Qu’est-ce qu’une opération de maintien de la paix ?
Selon le site l’ONU ‘’les opérations de maintien de la paix des Nations Unies aident les pays touchés par les conflits à créer les conditions du retour à la paix.’’
Cependant, dans un pays comme la RD Congo, le retour à la paix qui tarde à arriver a créé un sentiment de frustration grandissant au sein de la population.
Un constat que partage le Dr Yvan Yenda Ilunga, professeur adjoint de sciences politiques et de relations internationales à l’université de Salve Regina.
Selon lui, l’ONU n’a pas été capable d’aider ces pays à voler de leurs propres ailes.
Ce qui justifie selon lui que les populations locales estiment que les soldats de l’ONU ne sont que des forces inactives qui doivent partir.
En Afrique, on compte 6 opérations de maintien de la paix :
- La MINUSRO : La Mission des Nations Unies pour l’organisation d’un référendum au Sahara occidental. Son objectif est, selon l’ONU, de préparer le futur du territoire.
- La MINUSMA : la Mission multidimensionnelle intégrée des Nations Unies pour la stabilisation du Mali. Elle a pour but d’appuyer le processus politique et d’aider à la stabilisation du Mali.
- La MINUSCA : la Mission multidimensionnelle intégrée des Nations Unies pour la stabilisation en république Centrafricaine. Elle est mandatée pour protéger les civils et appuyer à la mise en œuvre de la transition en RCA.
- La MONUSCO : la Mission de l’Organisation des Nations Unies pour la stabilisation en République démocratique du Congo. Elle a pour objectif la protection des civils et la consolidation de la paix en RDC.
- La FSNUA : Force intérimaire de sécurité des Nations Unies pour Abyei. Son mandat est la démilitarisation et le suivi de paix dans la zone litigieuse d’Abiyé. Un territoire réclamé par les deux Soudans.
- La MINUSS : la Mission des Nations Unies au Soudan du Sud. Elle a pour rôle de protéger les civils de surveiller le respect des droits fondamentaux, de faciliter l’acheminement de l’aide humanitaire et accompagner la mise en œuvre l’accord de cessation des hostilités.
Selon le Dr Yenda Ilunga, c’est le concept de maintien de la paix qui ne correspond plus aux réalités du terrains.
‘’Lorsque nous pensons au maintien de la paix par les Nations unies, nous partons clairement du principe qu’il y a une paix à maintenir.
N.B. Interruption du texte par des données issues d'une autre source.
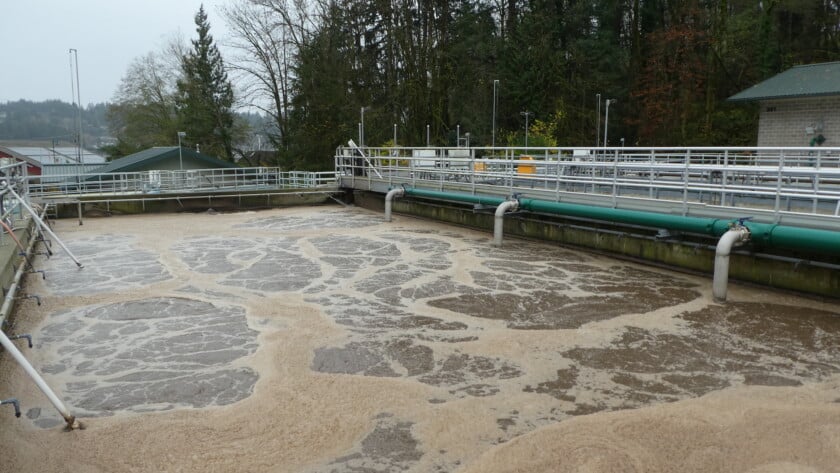 In the plant’s aerator basins, bacteria break down the wastewater.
Mais dans beaucoup de ces endroits, il n’y a pas de paix à maintenir’’, confie le Dr Ilunga.
D’où la nécessité pour lui d’enclencher des réformes.
Réformer pour mieux s’adapter
Le schéma classique d’un gouvernement qui combat des rebelles est selon le Dr Ilunga, obsolète.
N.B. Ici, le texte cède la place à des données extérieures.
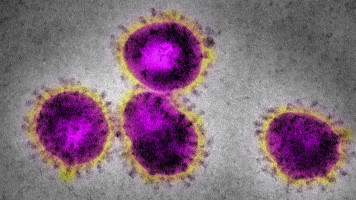 coronavirus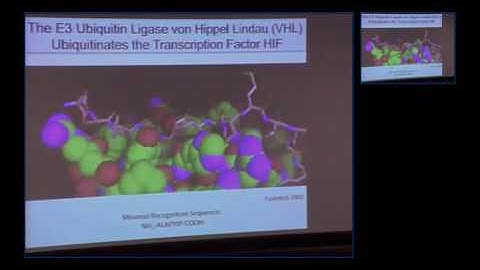 Making the Problem Go Away: Induced Protein Degradation as a Novel Therapeutic Strategy
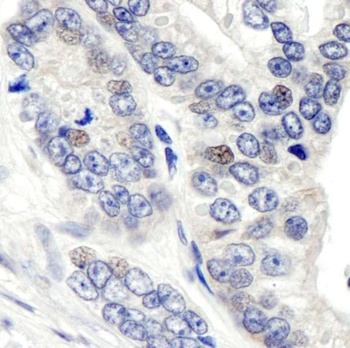Rabbit anti-CSN1 Antibody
‘’Vous avez un conflit multidimensionnel et la sécurité, la violence et même les groupes qui se battent, certains d’entre eux ne sont pas des combattants traditionnels.
Mais les Nations Unies, qui ont été chargées de l’espace et de la crédibilité nécessaires pour aborder cette question, agissent toujours comme s’il s’agissait d’une conversation autour d’une table’’, affirme M. Ilunga.
Ce changement, Cedric De Coning, professeur de recherche à l’Institut norvégien des affaires internationales et conseiller principal au Centre africain pour la résolution constructive des conflits, l’a déjà entrevu dans la démarche de l’organisation internationale.
Il révèle que depuis 2014, l’ONU n’a pas déployé de grandes opérations de maintien de la paix.
‘’Elle se réfère au déploiement de ce que nous appelons des missions politiques’’, affirme M. De Coning.
La solution semble, semble selon lui, de plus en plus privilégiée. De Coning estime que le volet politique peut jouer un rôle aussi essentiel que celui des opérations de maintien de la paix.
‘’Si nous regardons le problème actuel entre la RDC et le Rwanda avec la résurgence du M23, le problème ne peut pas être résolu par une opération de maintien de la paix locale. C’est un problème qui doit être traité diplomatiquement avec les deux gouvernements concernés, affirme-t-il.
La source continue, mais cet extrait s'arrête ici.